How U.S. military engagement will proceed under the Trump administration remains to be seen. The president-elect has said or tweeted little about Africa in recent years (aside from long trading in baseless claims that the current president was born there). Given his choice for national security adviser, Michael Flynn -- a former director of intelligence for Joint Special Operations Command who believes that the United States is in a "world war" with Islamic militants -- there is good reason to believe that Special Operations Command Africa will continue its border-busting missions across that continent. That, in turn, means that Africa is likely to remain crucial to America's nameless global war on terror.
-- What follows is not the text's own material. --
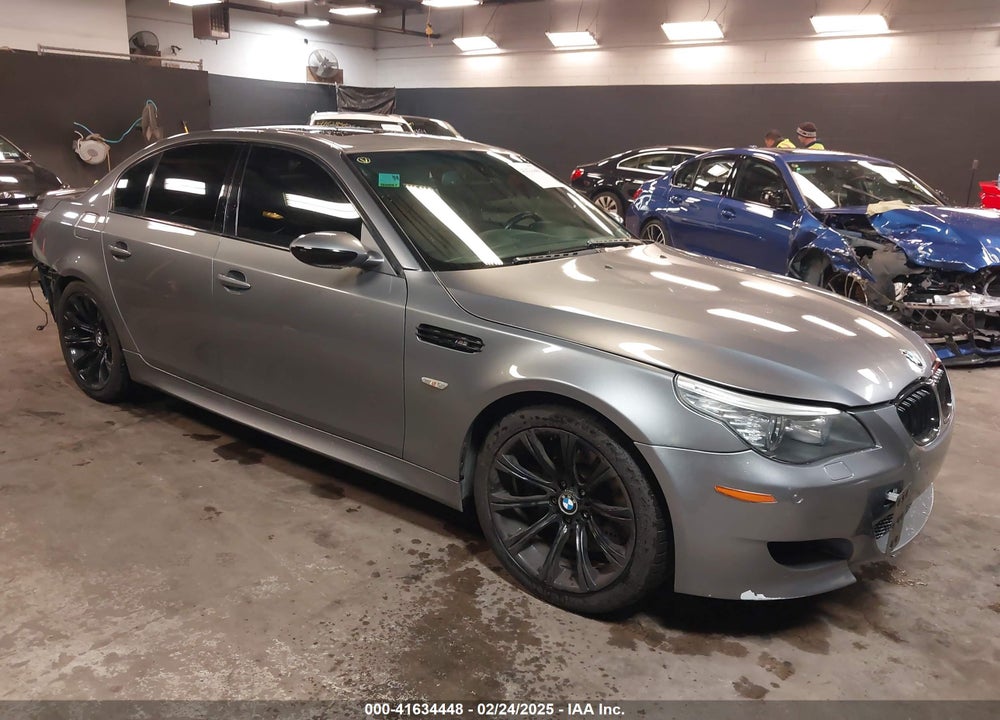 2008 BMW M5 VIN: WBSNB93538CX07995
Publicly, the command claims that it conducts its operations to "promote regional stability and prosperity," while Bolduc emphasizes that its missions are geared toward serving the needs of African allies. The FOIA files make clear, however, that U.S. interests are the command's principal and primary concern -- a policy in keeping with the America First mindset and mandate of incoming commander-in-chief Donald J. Trump -- and that support to "partner nations" is prioritized to suit American, not African, needs and policy goals.
Shades of Gray
Bolduc is fond of saying that his troops -- Navy SEALs and Army Green Berets, among others -- operate in the "gray zone," or what he calls "the spectrum of conflict between war and peace." Another of his favored stock phrases is: "In Africa, we are not the kinetic solution" -- that is, not pulling triggers and dropping bombs. He also regularly takes pains to say that "we are not at war in Africa -- but our African partners certainly are."
That is not entirely true.
Earlier this month, in fact, a White House report made it clear, for instance, that "the United States is currently using military force" in Somalia. At about the same moment, the New York Times revealed an imminent Obama administration plan to deem al-Shabab "to be part of the armed conflict that Congress authorized against the perpetrators of the Sept. 11, 2001, terrorist attacks, according to senior American officials," strengthening President-elect Donald Trump's authority to carry out missions there in 2017 and beyond.